Another Practical Example: SVI Vs MCMC In Higher Dimensions For Hierarchial models

In the previous example, we see that SVI competes with or outperforms MCMC in low dimensions ($D<10$), but how does this scale as we climb into the dozens or hundreds of parameters?

As an example, let’s consider a hierarchical model of linear regressions, where the measurements of series ‘$j$’ follow a simple linear relationship with linear uncertainty:

\[y^j_i \sim N(m^j x_i^j + c^j, E^j_i)\]

But the gradient ‘$m^j$’ and offset ‘$c^j$’ of each group follow population-wide distributions of unknown mean and variance:

\[m^j \sim N(\mu_m,\sigma_m), \;\;\; c^j \sim N(\mu_c,\sigma_c)\]

If we have $J$ groups, two parameters per group gives us $D=2J+4$ dimensions, allowing the dimensionality of the problem to easily climb into the dozens in realistic cases.

# Data Generation  
N_data = 8  
xmin, xmax = -10, 10 # Range of X values for data sampling  
ebar, escatter = 2.5, 1000 # Average & spread of error bar  
  
lenmin, lenmax = 6, 18  
  
# Gradient & Offset of each line is normally distributed  
m_mu, m_sig, c_mu, c_sig = 0.5, 0.2, 10.0, 1.0   
truth = {"m_mu":m_mu, "m_sig":m_sig,"c_mu":c_mu, "c_sig":c_sig}  
  
#-----------------------  
# Generate Data  
np.random.seed(1)  
  
lens = lenmin + dist.Binomial(lenmax-lenmin,0.5).sample(jax.random.PRNGKey(1), sample_shape=(N_data,)) # Number of samples for each line  
DATA = []  
Mtrue, Ctrue = [], []   
for i in range(N_data):  
    n = lens[i]  
  
    # Generate X values  
    X = np.random.rand(n) * (xmax-xmin) + xmin  
    X.sort()  
  
    # Generate slope & Offset for line  
    m, c = np.random.randn()*m_sig + m_mu, np.random.randn()*c_sig + c_mu  
    Mtrue.append(m), Ctrue.append(c)  
  
    # Generate Errorbars & Y values  
    E = (np.random.poisson(lam=escatter, size=len(X)) / escatter + 1)/2 * ebar  
    Y = m*X + c + E * np.random.normal(size=len(X)) # Linear rel /w random noise based on 'E'  
  
    # Append to output  
    DATA.append({"X":X,  
                "Y":Y,  
                "E":E})  
  
I        = jnp.concatenate([jnp.array([i]*len(a['X'])) for a,i in zip(DATA,range(len(DATA)))])  
X_concat = jnp.concatenate([a['X'] for a in DATA])  
Y_concat = jnp.concatenate([a['Y'] for a in DATA])  
E_concat = jnp.concatenate([a['E'] for a in DATA])  
  
DATA_concat = ({"I":I,  
                "X":X_concat,  
                "Y":Y_concat,  
                "E":E_concat})  

In a practical context, the motivation is that any one source may have insufficient data to constrain $m$ and $c$, but we can leverage their distributions across the entire population to get better constraints.
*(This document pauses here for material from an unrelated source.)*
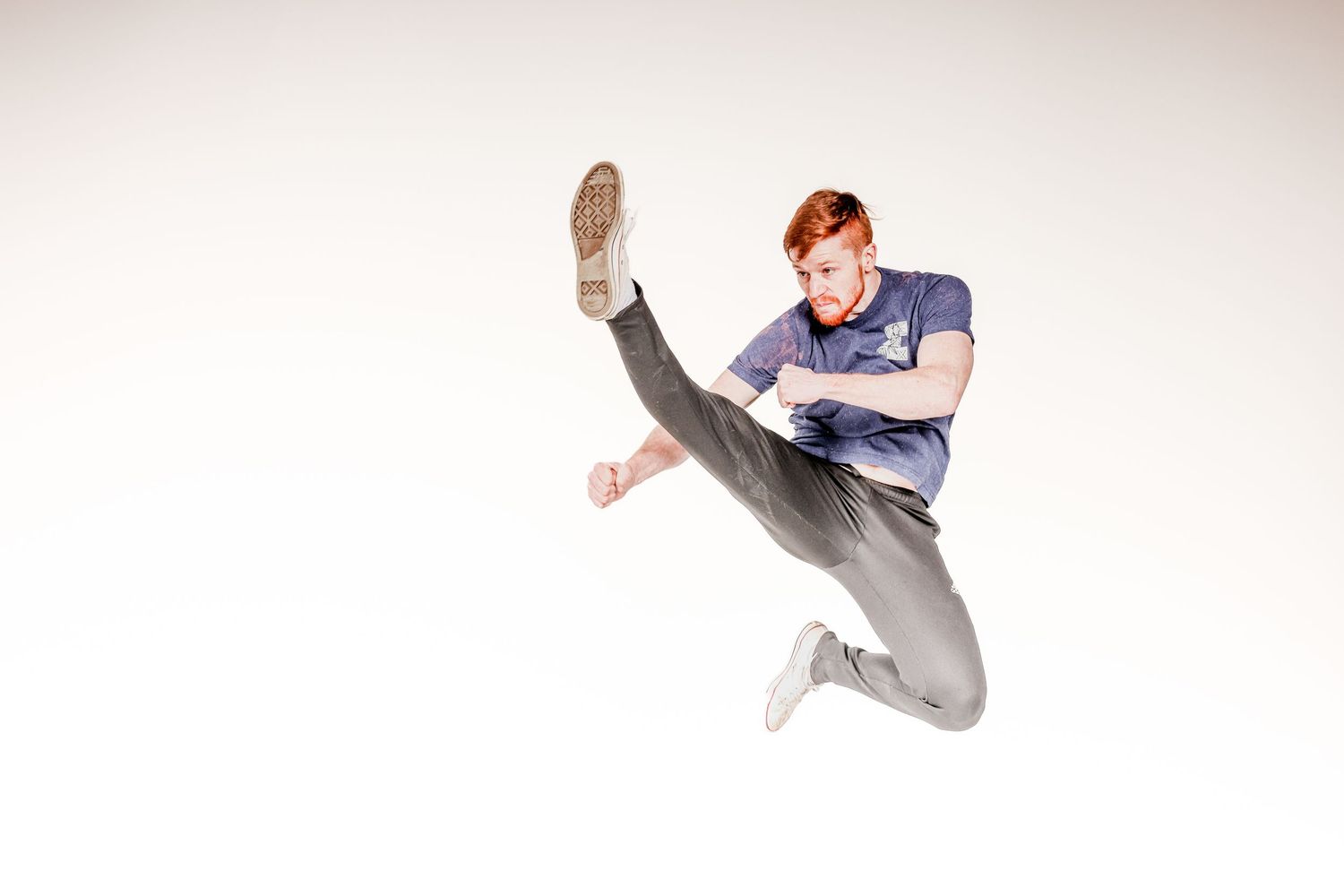 Dancer in gray pants performs a dynamic high kick against a white background.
In effect, we’re tuning our population-level priors at the same time as we apply them. In this example, we’ll uses $J=8$ groups with $I\approx12$ measurements per group. Each group has (with $1\sigma$ uncertainty) a gradient $m=0.5 \pm 0.2$ and offset $c=10 \pm 1$.

#---------------------  
# Plotting  
  
fig, ax = plt.subplots(2,1, sharex=True, sharey=True)  
  
i=0  
colors = 'rgbcymk'  
colors*=max(1,N_data//len(colors)+1)  
colors = list(colors)  
  
ax[0].errorbar(DATA[0]['X'], DATA[0]['Y'], DATA[0]['E'], fmt="none", c = colors[i], label = i)  
for data in DATA:  
    X,Y,E = data['X'], data['Y'], data['E']  
    ax[1].errorbar(X, Y, E, fmt="none", c = colors[i], label = i)  
    i+=1  
  
#--------------------------------------------------------  
  
ax[0].grid()  
ax[1].grid()  
ax[0].set_title("One Source")  
ax[1].set_title("All Sources")  
  
#--------------------------------------------------------  
plt.tight_layout()  
plt.show()  

png

Define Hierarchical NumPyro Model
First, we need to actually define a NumPyro model than can do this hierarchical linear regression. Hierarchical models like this compose easily: the population-level distributions act a bit like priors on each source:

\[\mathcal{L}(\{ m^j,c^j \},\mu_m, \sigma_m, \mu_c, \sigma_c \vert {\{y\}_i^j}) \propto \prod_j \left( \prod_i N(m^j x_i^j + c^j, E^j_i) \right) \cdot N(m_j-\mu_m,\sigma_m)\cdot N(c_j-\mu_c,\sigma_c)\]

Where this likelihood is modulated by extremely vague “hyper-priors” on the population distributions. As $m$ and $c$ can be positive or negative, their mean values can be positive or negative:

\(\mu_m \sim N(0,15), \;\; \mu_c \sim N(0,25)\)
But their variability must be restricted to positive values, so I’ve defined these with wide “half-normal” distributions.
\(\sigma_m \sim N^+(15), \;\; \sigma_c \sim N^+(25)\)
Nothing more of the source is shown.